# Best Canadian-listed alternative for VXUS?



## joncnca (Jul 12, 2009)

anyone have thoughts for a Canadian-listed alternative for VXUS?

thanks


----------



## Synergy (Mar 18, 2013)

Have you looked into XEF or any of the index MF's such as TDB911, Mawer International, etc.?


----------



## leeder (Jan 28, 2012)

XEF will give you EAFE exposure. If you want emerging markets exposure, you'll want something like XEC from iShares. I believe VXUS contains about 80% EAFE and 20% emerging. There is currently no one ETF solution that is equivalent to VXUS.


----------



## joncnca (Jul 12, 2009)

yah VXUS is about 80% EAFE and 20% Emerging.
also i guess VDU is FTSE, and VEE is emerging. 

and XEF is EAFE...i guess will have to mish mash if looking to use canadian-listed etfs. VDU/VEE or XEF/XEC


----------



## leeder (Jan 28, 2012)

I believe the Vanguard products are slightly cheaper than the iShares products. However, XEF/XEC have more holdings. Both will perform about the same. I personally own XEF/XEC for my index portion of my portfolio.


----------



## GoldStone (Mar 6, 2011)

Keep an eye on the just-launched ZEA. Once it gets up and running, it is expected to own the underlying stocks directly (unlike VDU and XEF). Direct holding structure is more tax-efficient.

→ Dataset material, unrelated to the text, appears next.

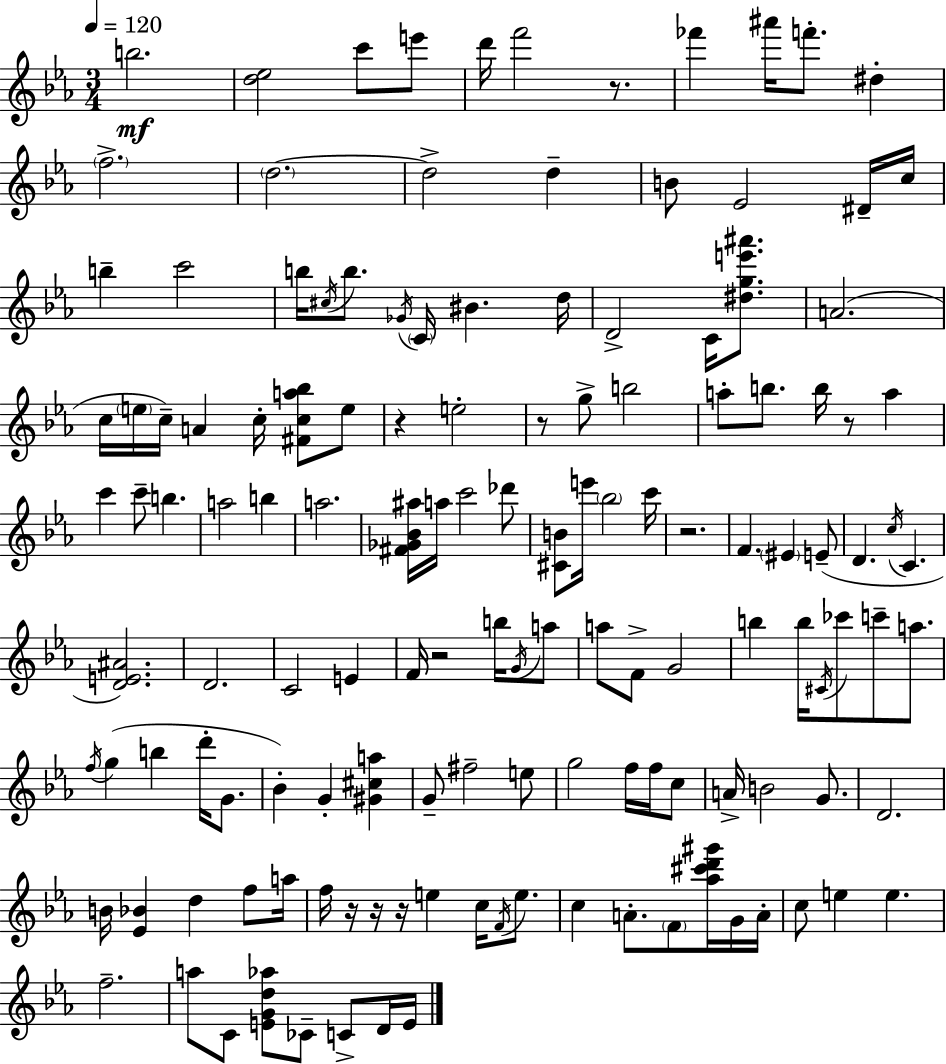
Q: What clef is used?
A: treble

http://canadiancouchpotato.com/2014/02/13/new-tax-efficient-etfs-from-bmo/
http://www.etfs.bmo.com/bmo-etfs/glance?fundId=97630


----------



## joncnca (Jul 12, 2009)

good read, though ZEA doesn't seem to capture emerging markets

does XEF/XEC have a decent proportion in small cap? XDU/XEE tends to be mid-large cap.


----------



## leeder (Jan 28, 2012)

Both XEF and XEC track the IMI (investable market) indices. There's a balanced proportion of large, mid and small with those; hence, it contains more holdings than VDU/VEE and ZEA. Please review the fund facts for further details.


----------



## Soon Forget (Mar 25, 2014)

How soon is too soon to buy ZEA? It's roughly 6 weeks old at this point and Google Finance says the average daily volume is just over 4,000. 

I will be looking to buy ~700 shares in the near future (switching from TDB911), but is there wisdom in waiting another 3, 6, or 12 months before doing so? Or does it not really matter.


----------